=== EXERCISE AIM ===
Only the lines from the one containing "kraft kağıt paketler" through the one containing "Used 2002 MAZDA MX-5 Miata image 60" should be printed, exactly as they appear below, with both ends included.

=== RAW DATA ===
-----
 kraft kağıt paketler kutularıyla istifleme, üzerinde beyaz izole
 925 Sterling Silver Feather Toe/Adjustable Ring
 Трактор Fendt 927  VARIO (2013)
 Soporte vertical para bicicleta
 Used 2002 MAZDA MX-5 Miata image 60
-----
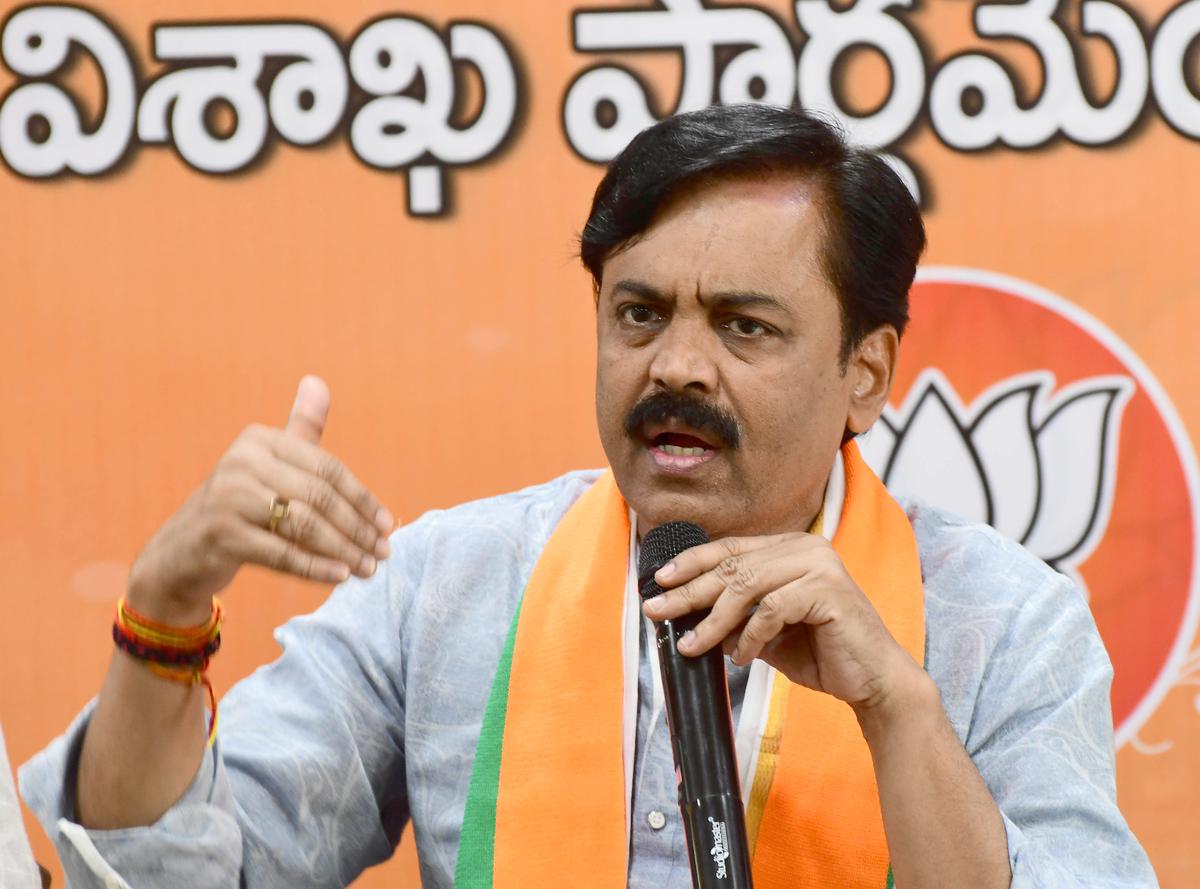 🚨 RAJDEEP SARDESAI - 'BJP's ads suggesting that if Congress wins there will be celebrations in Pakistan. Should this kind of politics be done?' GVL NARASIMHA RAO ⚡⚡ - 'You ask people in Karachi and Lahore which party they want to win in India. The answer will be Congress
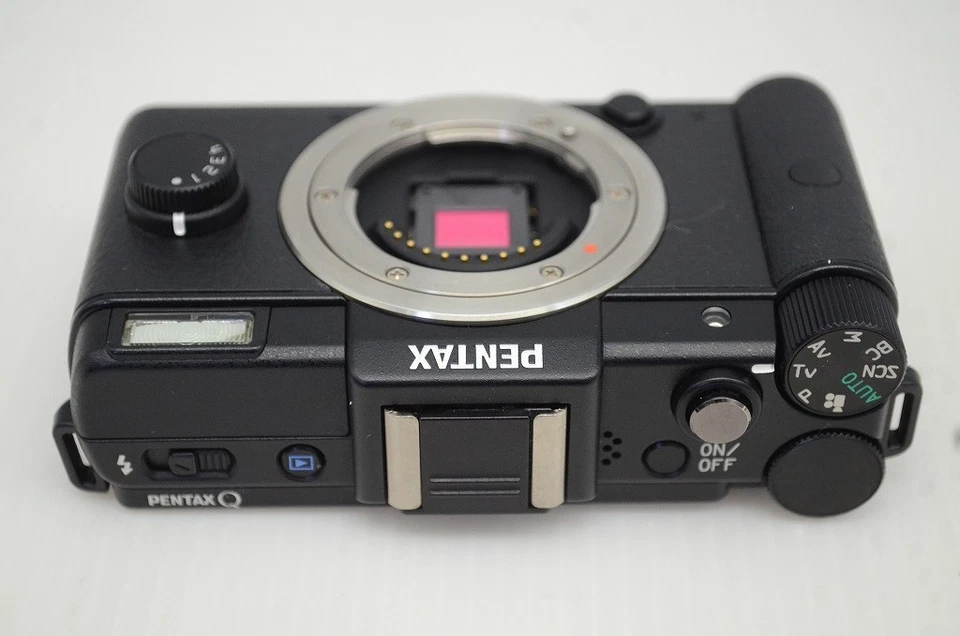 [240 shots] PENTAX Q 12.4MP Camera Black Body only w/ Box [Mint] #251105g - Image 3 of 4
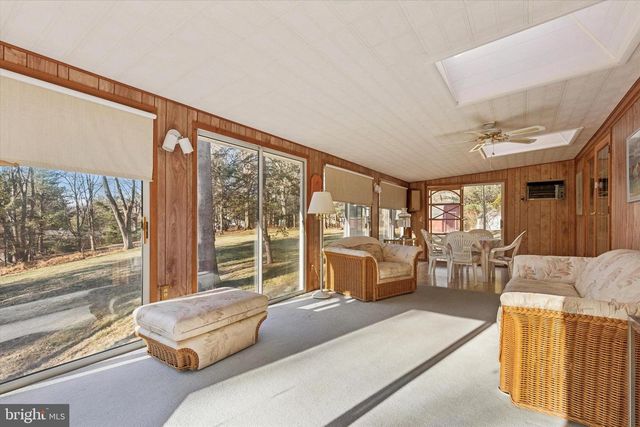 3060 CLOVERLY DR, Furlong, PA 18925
-----
=== YOUR RESPONSE ===
 kraft kağıt paketler kutularıyla istifleme, üzerinde beyaz izole
 925 Sterling Silver Feather Toe/Adjustable Ring
 Трактор Fendt 927  VARIO (2013)
 Soporte vertical para bicicleta
 Used 2002 MAZDA MX-5 Miata image 60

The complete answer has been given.